Metrics are more valuable when you use them for trend analysis.
Generate Alerts with Triggered Logging
Cumulus Linux typically sends triggered issues to syslog
, but can send issues to another log file depending on the feature. rsyslog
handles all logging, including local and remote logging. Logs are the best method to use for generating alerts when the system transitions from a stable steady state.
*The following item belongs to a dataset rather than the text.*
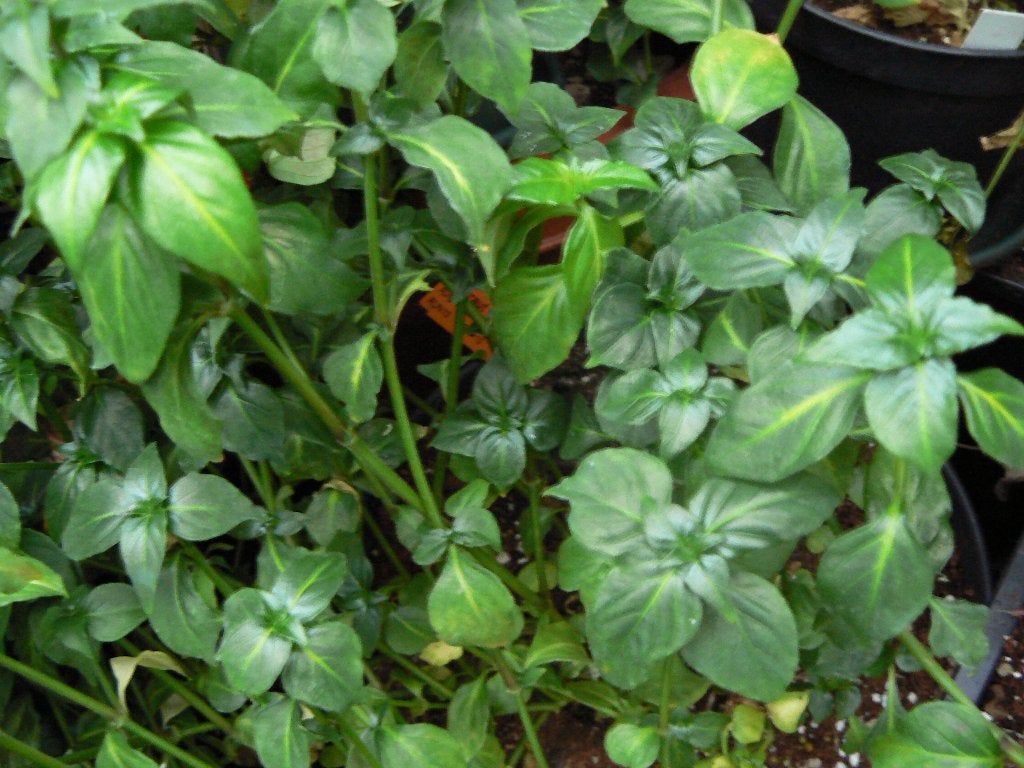 Rungia klossii Papoea Nieuw-Guinea champignonplant EETBAAR, Ophalen of Verzenden, Overige soorten, Halfschaduw, Minder dan 100 cm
Sending logs to a centralized collector, then creating alerts that you base on critical logs is an optimal solution.
Log Formatting
Most log files in Cumulus Linux use a standard presentation format. For example:
2017-03-08T06:26:43.569681+00:00 leaf01 sysmonitor: Critically high CPU use: 99%
- 2017-03-08T06:26:43.569681+00:00 is the timestamp.
- leaf01 is the hostname.
- sysmonitor is the process that is the source of the message.
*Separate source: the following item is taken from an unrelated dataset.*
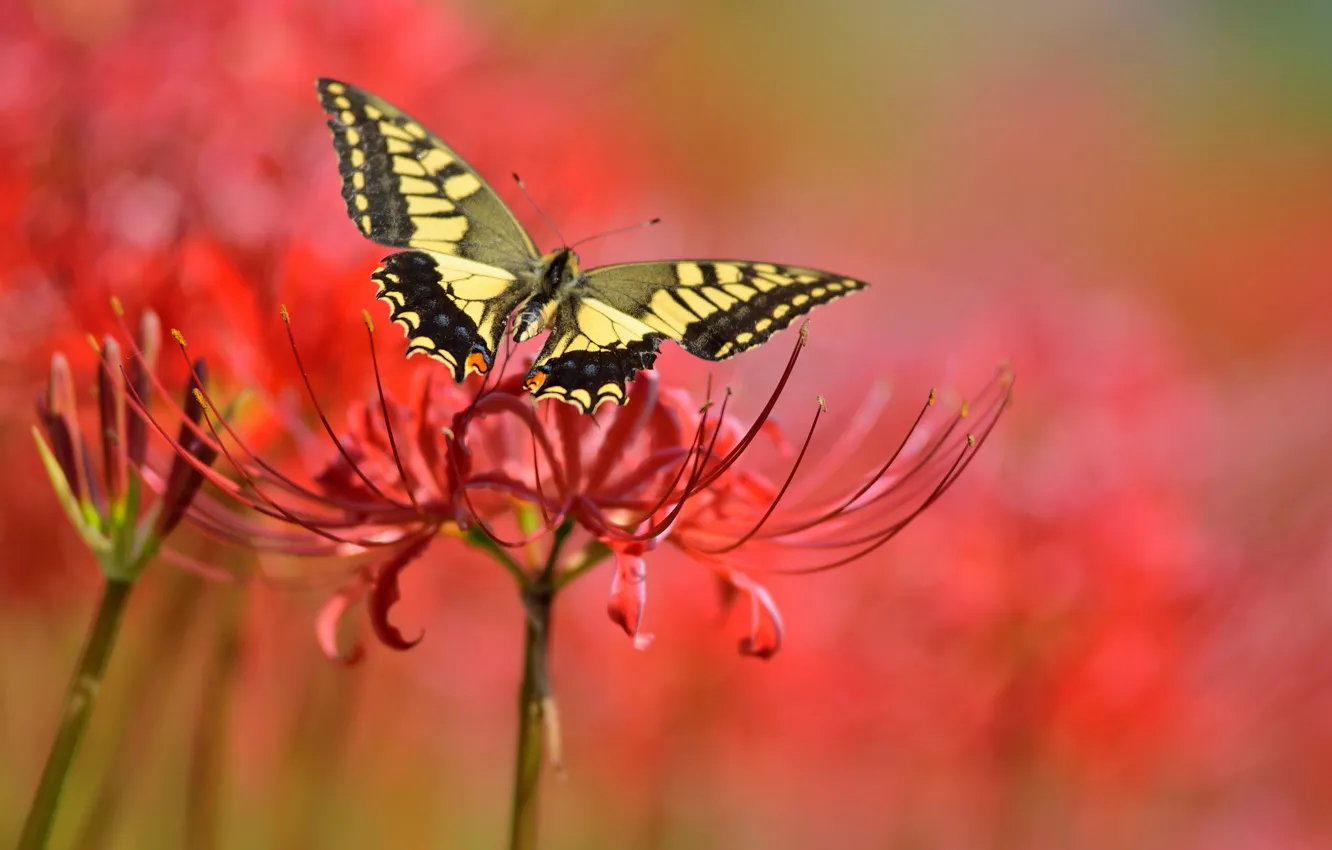 Photo wallpaper flower, flowers, red, background, butterfly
- Critically high CPU use: 99% is the message.
For brevity and legibility, this section omits the timestamp and hostname from examples.
Hardware
NVUE provides commands to monitor various switch hardware elements.
Command | Description |
---|---|
nv show platform environment fan |
Shows information about the fans on the switch, such as the minimum, maximum and current speed, the fan state, and the fan direction. |
nv show platform environment led |
Shows information about the LEDs on the switch, such as the LED name and color. |
nv show platform environment psu |
Shows information about the PSUs on the switch, such as the PSU name and state. |
nv show platform environment temperature |
Shows information about the sensors on the switch, such as the critical, maximum, minimum and current temperature and the current state of the sensor. |
nv show platform environment voltage |
Shows the list of voltage sensors on the switch. |
nv show platform inventory |
Shows the switch inventory, which includes fan and PSU hardware version, model, serial number, state, and type. For information about a specific fan or PSU, run the nv show platform inventory <inventory-name> command. |
The following example shows the nv show platform environment fan
command output. The airflow direction must be the same for all fans. If Cumulus Linux detects that the fan airflow direction is not uniform, it logs a message in the var/log/syslog
file.
cumulus@switch:~$ nv show platform environment fan
Name Fan State Current Speed (RPM) Max Speed Min Speed Fan Direction
-------- --------- ------------------- --------- --------- -------------
FAN1/1 ok 6000 29000 2500 F2B
FAN1/2 ok 6000 29000 2500 F2B
FAN2/1 ok 6000 29000 2500 F2B
FAN2/2 ok 6000 29000 2500 F2B
FAN3/1 ok 6000 29000 2500 F2B
FAN3/2 ok 6000 29000 2500 F2B
PSU1/FAN ok 6000 29000 2500 F2B
PSU2/FAN ok 6000 29000 2500 F2B
If the airflow direction for all fans is not in the same (front to back or back to front), cooling is suboptimal for the switch, rack, and even the entire data center.
The smond
process provides monitoring for various switch hardware elements. Minimum or maximum values depend on the flags you apply to the basic command. The table below lists the hardware elements and applicable commands and flags.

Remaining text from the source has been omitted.